The experience of watching House of Cards with knowledge of Spacey’s deplorable and criminal conduct was very different from what I remembered. Earlier, he was mesmerising, as he knocked his knuckles on wood, manipulated everyone, murdered Peter Russo (Corey Stoll) and Zoe Barnes (Kate Mara), and betrayed his friends, gobbled down pork ribs and conducted threesomes with his wife, Claire Underwood (Robin Wright) and security staff Edward Meechum (Nathan Darrow) as testimony to his enormous appetite and ambition. His Machiavellian machinations, interpolated with break-the-fourth-wall addresses to the audience (taken straight out of William Shakespeare’s Richard III), were seductive, addictive, making one stay up all night.
Yet, as I watched him in action this time, plotting and planning, scheming and killing, strutting about and cowering, I could not but help feeling rather bored with how the narrative progressed. As one nears the end of Season 5, and his past sins catch up with him, Frank is forced to abdicate, making Claire the new US President, one wonders if the tortuous road to the pinnacle of power was for nothing. What does Frank get as President anyhow? His tenure, before and after re-election, is short and troubled, constantly under threat from a new crisis or the possibility of the discovery of his past crimes.

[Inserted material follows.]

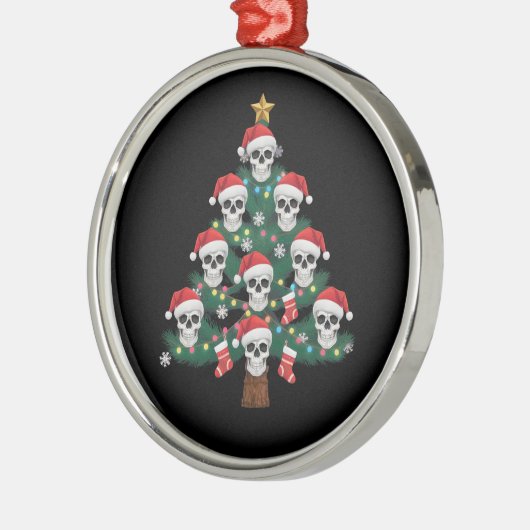 Schedel Kerstboom pyjama Cool Skeleton Santa Metalen Ornament (Links)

During the campaign to get re-elected, he is fatally wounded and goes into coma. All the power he has accumulated, trudging knee-deep, shoulder-deep, neck-deep, through mud and blood, climbing to the pinnacle of a mountain of bodies, slips away from his fingers, and as his past catches up with him, he is forced to abdicate. Claire, already Vice-President, succeeds him, and he is banished out of the White House to a hotel. If the trailer of Season 6 is anything to go by, Frank is dead and gone, and Claire is entrenched as President. After the allegations of sexual misconduct emerged, Netflix sacked Spacy from the show; he lost several other projects as well.
The pursuit of power at any cost is not a new narrative. The man who will not take “no” for an answer has been at centre of such narratives for too long. Yet now, with #metoo sweeping through Hollywood and Bollywood, the universes of literature and journalism, the arts and politics, this character and this narrative is starting to look a little tired, boring, a tad out of fashion. Something has shifted. A new world order might be on its way, where we shall no more be seduced by a masculine pursuit of power. So, it seems unlikely that I shall return to House of Cards, to re-watch it. The new season is a different matter though. “My turn,” said Claire Underwood, breaking the fourth at the end of Season 5. Maybe it’s time for us to take a good look at the contours of female ambition.